The following CMOS logic chips run on 0-12V, so a set of diodes and pulldown resistors limit the comparator output voltages to a safe range. The OR logic is then achieved by a set of parallel diodes; if any channel is high, this voltage will pass the diodes without contaminating other “low” channels. The 4-way XOR is achieved with a CD4070 chip, which is a quad 2-way-XOR package. Three of these are cascaded to give a 4-input XOR; the remaining XOR is used to implement a switchable NOT for the fourth channel. (Logic is pretty neat, apparently you can build anything with enough NAND gates. Should try that some time…)
Finally, another CMOS chip is used for the outputs: a CD4041 “quad complementary logic buffer”. Each section takes one input, and outputs one “high” and one “low”, which switch places depending on the input state. As well as deriving our NOR/XNOR outputs, these make quite elegant bipolar LED drivers. This is illustrated with a pair of LEDs, but Compara4 uses a single bipolar LED package which encapsulates such a pair in one bulb. I had a useful discussion with some Modwiggler users about the safety of exposing the CMOS outputs to Eurorack without another buffer stage; we concluded that it’s probably ok, but… uh… use at your own risk. Protection with diodes/transistors is possible but adds complexity and may be unnecessary. It was also suggested that maybe circuits like this one could operate at mostly 5V for energy efficiency. Something to play with in future?
Layout and finishing
A lesson learned from Llama Llama Duck was to try planning the layout for designs of similar or greater complexity. Also, while I enjoyed using the Sourcery board I wanted to allow a bit more space and get some experience with traditional hole-per-pad “perfboard”. This helpful article shows how the KiCad PCB design features can be used to figure out a stripboard layout; just stick to the appropriate grid, use wide tracks and keep to some rules about spacing and directions of connections.

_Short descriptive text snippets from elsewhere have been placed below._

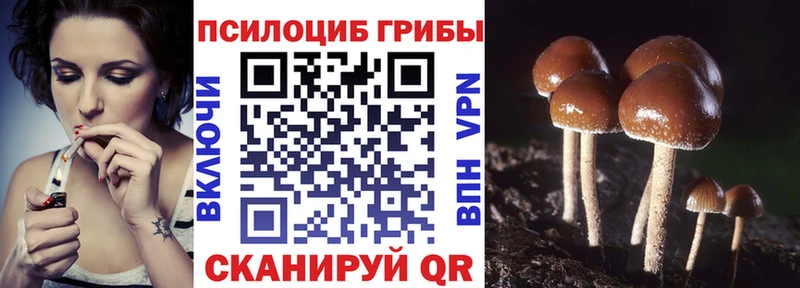 Псилоцибиновые грибы Psilocybe  Купить где  Чудово 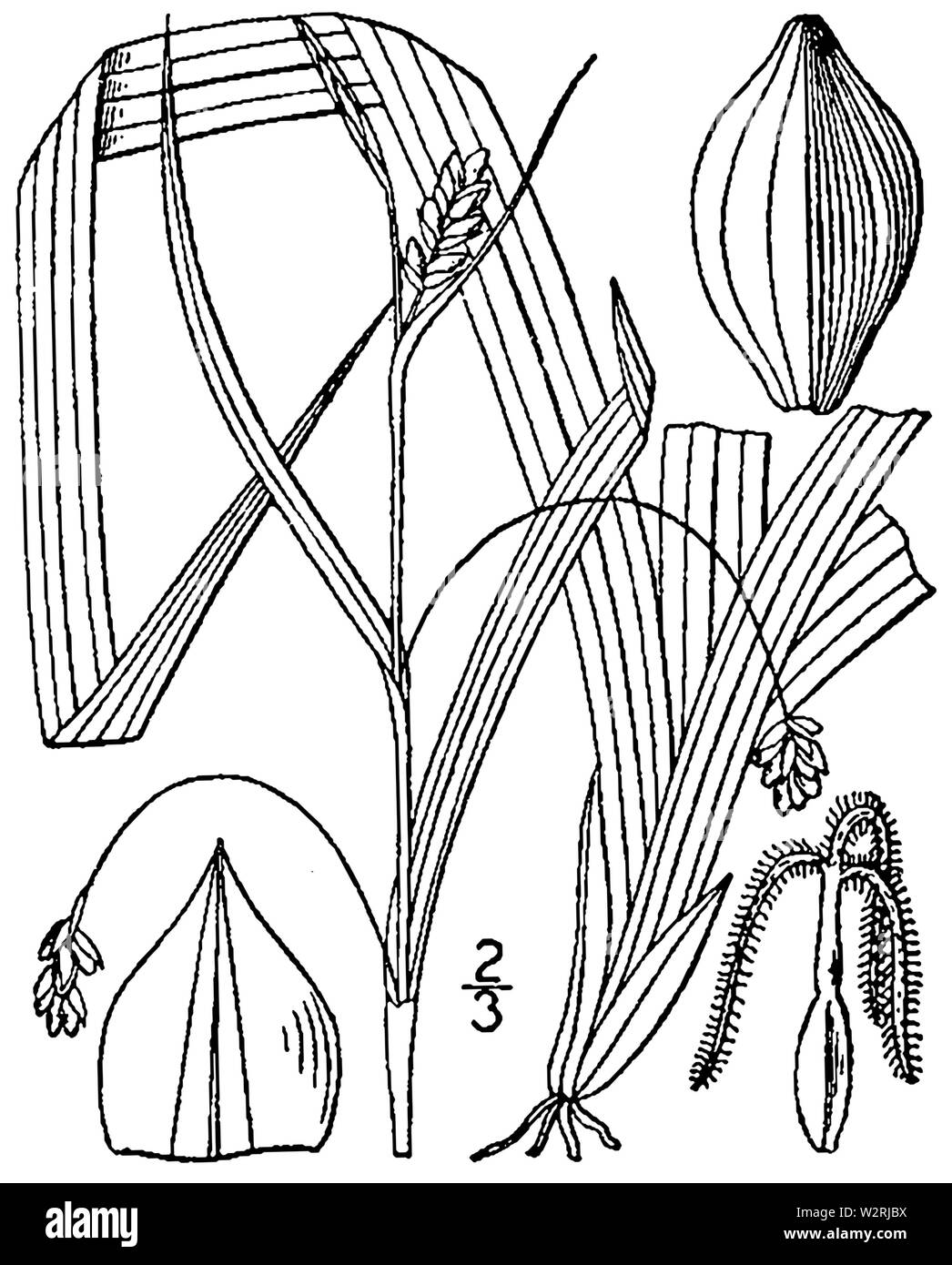 Carex laxiculmis BB-1913 Stock Photo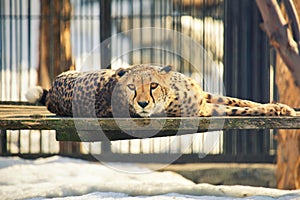 Cheetah lying in zoo cage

I adapted the idea to develop a perfboard layout; non-vertical jumpers on the upper side and non-horizontal connections on the lower side are now permitted, but straight lines are still preferred where possible to avoid clutter and make good use of component-lead connections. Even so, the resulting layout is a bit intimidating and I’m very glad it was done with CAD; KiCad indicates which parts should be connected and can run an error report from the schematic, pointing out missing or inappropriate connections. Still, having done this once for perfboard I’m feeling less sceptical about using stripboard for a future project; you can get a lot done with jumpers and it would cut down on fiddly soldering.
Mostly things get crowded around the three chips, which is understandable as each has four sections, taking inputs from a common direction and sending outputs in a common direction. Typical pin layouts do not facilitate this, so a bit of crossing-over is inevitable! But in KiCad this became quite a satisfying jigsaw puzzle; I can see how PCB design becomes a long refinement process.
The front panel was worked out on paper and refined by plugging components into perfboard, before making a drilling template and transparency graphics in Inkscape. The end result looks pretty professional, but there is supposed to be a shaded rectangle grouping In 4 with the NOT switch and this is very faint. On Llama Llama Duck the shading was a touch dark. More experimentation needed!
I’m really happy with the form factor: 6hp with a big knob and LEDs tucked between two columns of jacks. It’s comfortable to use without much wasted space. It does the intended job as a modulation/logic processor but in practice is also a lot of fun at audio-rate, creating variable-width pulse outputs from sources other than oscillators. (Detuned groups of oscillators make good drones!)